Counties face stricter budget rules under new Bill

Counties face stricter budget rules under new Bill

Sponsored through the Senate, the Bill seeks to amend various county public finance laws to align them with the national framework established under the Public Finance Management (PFM) Act, 2012.

A landmark Bill aimed at overhauling county financial management has been passed by the National Assembly, paving the way for tighter regulation of county finances and improved transparency in the use of public resources.

If signed into law by the President, the bill will introduce key reforms to align county budgeting with national standards and strengthen oversight across all devolved units.

The County Public Finance Laws (Amendment) Bill, Senate Bill No. 39 of 2023, was read a Third Time and passed on Tuesday, July 29, 2025. The Bill sailed through the Committee of the Whole House without any amendments.

Sponsored through the Senate, the Bill seeks to amend various county public finance laws to align them with the national framework established under the Public Finance Management (PFM) Act, 2012. It introduces key reforms aimed at streamlining county budgeting, strengthening oversight by county assemblies, and enhancing accountability at the devolved level.

Among the notable provisions is the requirement for county governments to submit their budgets within strict timelines that are harmonised with national government deadlines.
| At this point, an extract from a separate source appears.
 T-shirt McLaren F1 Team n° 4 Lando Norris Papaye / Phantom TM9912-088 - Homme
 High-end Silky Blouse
This aims to prevent delays in service delivery. Counties will also be required to involve residents and stakeholders more meaningfully in the budget-making process through public forums and disclosures.
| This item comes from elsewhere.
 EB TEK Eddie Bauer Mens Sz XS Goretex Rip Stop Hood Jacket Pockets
To ensure consistency and improve auditing, the Bill mandates that counties prepare and submit financial statements in formats prescribed by the National Treasury. This will promote standardised financial reporting and easier oversight.
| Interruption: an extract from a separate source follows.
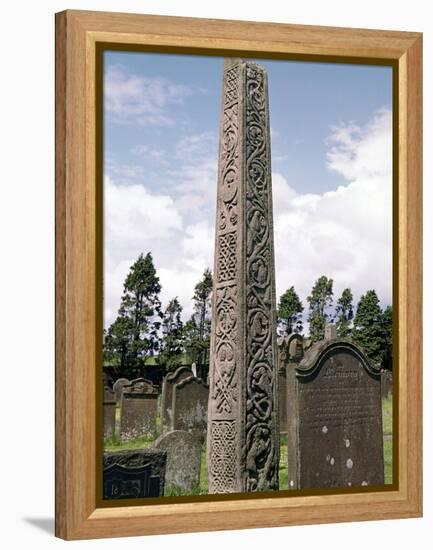 Bewcastle Cross, 7th Century-CM Dixon-Framed Premier Image Canvas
Additionally, County Assemblies will now exercise greater oversight authority, including the submission of mandatory reports on budget implementation and quarterly expenditure reviews by county executives.

Leader of the Majority Party and Kikuyu MP Kimani Ichung’wah, who moved the Motion for the Third Reading, described the bill as a necessary step toward instilling fiscal discipline in county governments.

“The Bill provides for better coordination between the county and national governments on matters of public finance, while also ensuring that citizens can hold their county leaders accountable,” said Ichung’wah.

Murang’a Woman Representative Betty Njeri Maina, who seconded the Motion, said the amendments would reduce wasteful spending and help combat corruption in counties.

Linet Chepkorir Toto, the Woman Representative for Bomet, added that clearer timelines and streamlined procedures would enable counties to plan and implement development projects more efficiently.